Here are some cell phone do’s:
- Use your cell phone only when you really need to, and when you do use it keep the length of your calls to a minimum. Studies show that the biological effects of cell phone radiation are directly related to exposure time.
- Prefer texting to voice communication. Texting enables you to communicate without holding the cell phone next to your most vulnerable organ, your brain. If you really don't like texting, use a speakerphone.
- Pay attention to the signal bars on your display and makes calls only when you have good reception. The more bars that are showing the better the reception and the less radiation your phone has to emit for the conversation to take place.
- Look at the SAR rating when buying your cell phone. In San Francisco a law has been passed stating that the SAR should be shown on the packaging, so that consumers are aware of the radiation levels before they buy their telephone. You can find the SAR level in the user manual or on the manufacturer's website.
- When you make a call do not put your cell phone next your ear until your correspondent has picked up the call. When your phone rings, press on the accept call button but wait a few seconds before putting the phone against your ear. Radiation levels are highest at the beginning of a call.

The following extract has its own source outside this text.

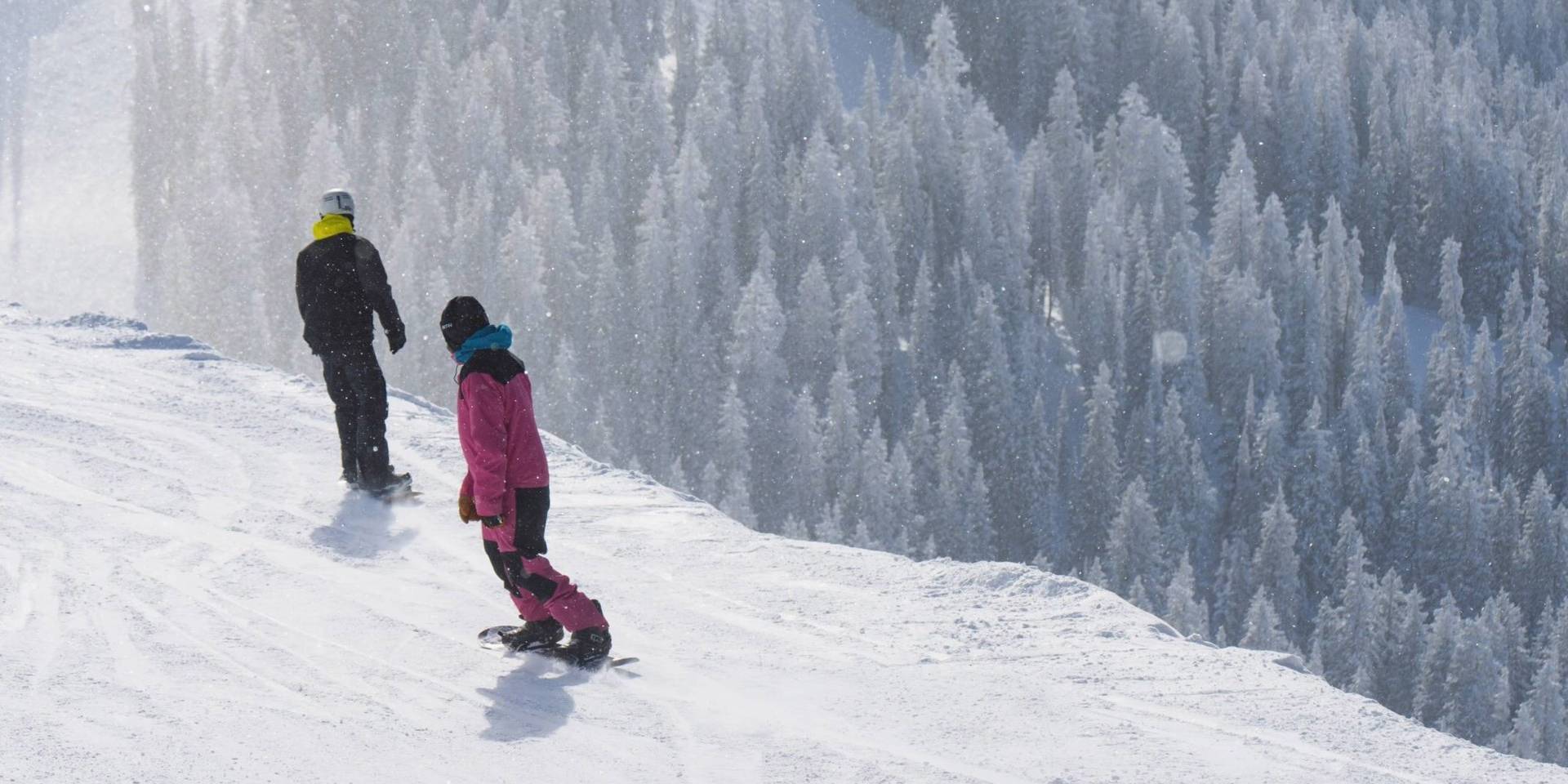 Scenic snowboarding at Brighton Resort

- Do not use your cell phone whilst travelling. True, if you use it whilst driving then you can inadvertently drive off the road, but even using it in public transport is inadvisable. In a moving vehicle your cell phone is constantly scanning for contact and so radiation levels are much higher than if you were stationary.
- Do not sleep with a cell phone is switched on at night. Your body needs quality downtime to recover. When you sleep the recovery process is made possible by the release of hormones. It is believed that cell phone radiation perturbs the release of these hormones, not only upsetting your sleep pattern but also attacking your immune system.
- Keep your cell phone use to a minimum when you are feeling tired and run down. Think of cell phone radiation as a toxin just like any other toxin. If you're feeling under the weather, the radiation can make you feel more tired and weaken your organism further.